JRuby for Cheminformatics - Reading and Writing InChIs Via the Java Native Interface

October 10, 2007

The increased use of the InChI identifier is making the reading and writing of InChIs a standard cheminformatics capability. Recent articles have discussed the advantages of JRuby for cheminformatics. One disadvantage of JRuby is that code written in C can't be directly used. The presents a potential problem for libraries, such as the InChI toolkit, that are written in C. Fortunately, the solution is simple. Today's tutorial will demonstrate how InChIs can be both read and written using the C-InChI toolkit via JRuby and the excellent JNI-InChI library.

About JNI-InChI

The JNI-InChI library, written by Jim Downing and Sam Adams, wraps the C InChI toolkit in a Java Native Interface. This low-level toolkit is suitable for building more complex software, but lacks many features present in the C InChI toolkit. For example, JNI-InChI doesn't directly interconvert SMILES or molfile with InChI. For that you'd need to build a support library. If you're building a toolkit from scratch, this lightweight approach can be a significant advantage.

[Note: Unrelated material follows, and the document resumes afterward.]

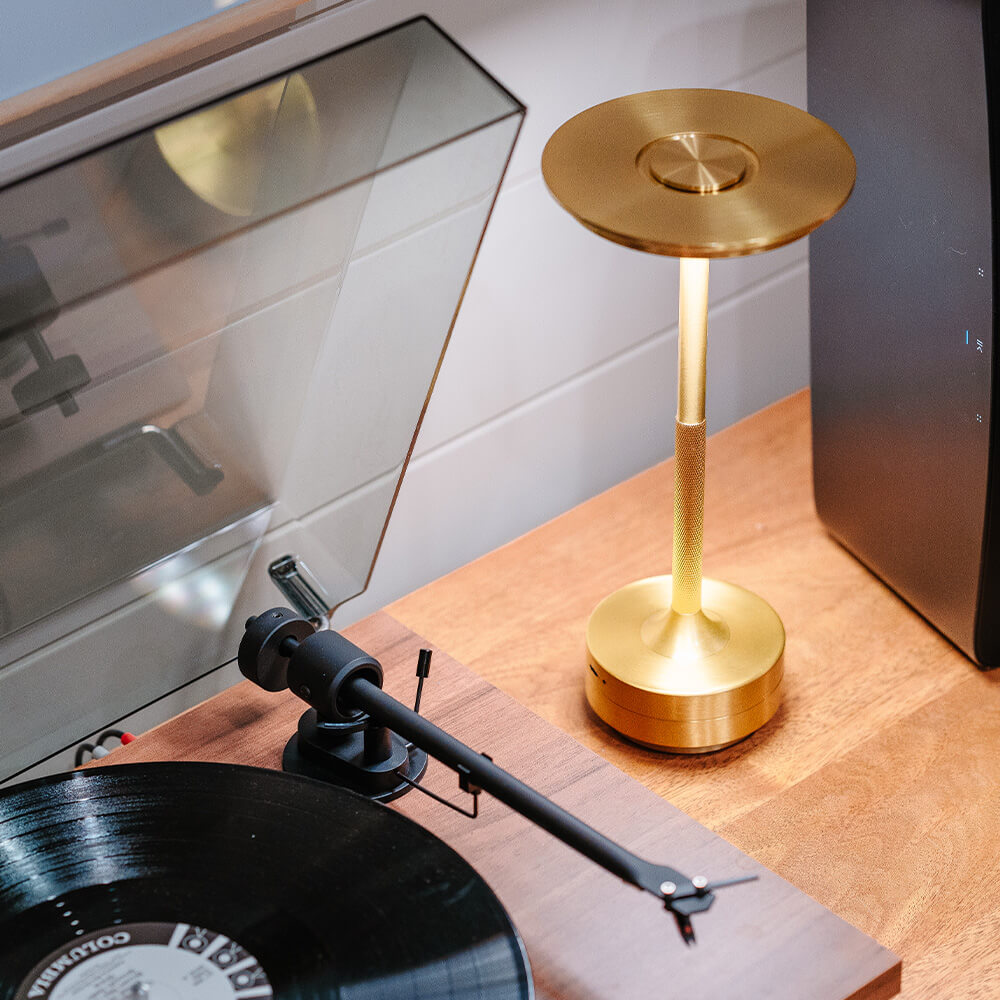 Devako MetalSense | Bezdrôtová stolná lampa z kovu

The JNI-InChI binary distribution jarfile includes the compiled native InChI library. In this sense it's virtually indistinguishable from any other Java library. This simplified packaging makes it exceptionally easy to use JNI-InChI from JRuby, as we'll see below.

Installation

JRuby can be installed as described previously. To install the JNI-InChI library for JRuby, simply copy the current release jarfile into the lib directory of your JRuby installation. That's all there is to it.

A Simple Library

We can now write a simple library to read InChIs via JRuby:

require 'java'

include_class 'net.sf.jniinchi.JniInchiInput'
include_class 'net.sf.jniinchi.JniInchiInputInchi'
include_class 'net.sf.jniinchi.JniInchiWrapper'

module IUPAC
  def read_inchi inchi
    input = JniInchiInputInchi.new inchi

    JniInchiWrapper.getStructureFromInchi input
  end
end

Testing the Library

By saving the above library to a file called iupac.rb, we can parse InChIs via JRuby:

$ jirb
irb(main):001:0> require 'iupac'
=> true
irb(main):002:0> include IUPAC
=> Object
irb(main):003:0> output = read_inchi 'InChI=1/C14H10/c1-3-7-13-11(5-1)9-10-12-6-2-4-8-14(12)13/h1-10H'
=> #
irb(main):004:0> output.num_atoms
=> 14
irb(main):005:0> output.num_bonds
=> 16

Writing InChIs

Because JNI-InChI is a low-level toolkit, writing InChIs is feasible, but not trivial. We must first construct a representation, and then get the InChI for it. For example, we could get the InChI for methane as follows:

$ jirb
irb(main):001:0> require 'java'
=> true
irb(main):002:0> include_class 'net.sf.jniinchi.JniInchiInput'
=> ["net.sf.jniinchi.JniInchiInput"]
irb(main):003:0> include_class 'net.sf.jniinchi.JniInchiAtom'
=> ["net.sf.jniinchi.JniInchiAtom"]
irb(main):004:0> include_class 'net.sf.jniinchi.JniInchiWrapper'
=> ["net.sf.jniinchi.JniInchiWrapper"]
irb(main):005:0> input = JniInchiInput.new
=> #
irb(main):006:0> a1 = input.add_atom JniInchiAtom.new(0,0,0, "C")
=> #
irb(main):007:0> a1.set_implicit_h(4)
=> nil
irb(main):008:0> output = JniInchiWrapper.get_inchi input
=> #
irb(main):009:0> output.get_inchi
=> "InChI=1/CH4/h1H4"

Fortunately, we don't have to work that hard. The Chemistry Development Kit, through JNI-InChI, supports reading and writing of InChIs via a variety of molecular languages, including SMILES and molfile. More on that later, though.

Conclusions

Provided that a Java Native Interface exists for a C library, it can be used from JRuby. Future articles will discuss the use of other cheminformatics libraries written in either C or C++ from JRuby, and their integration with pure Java and Ruby libraries.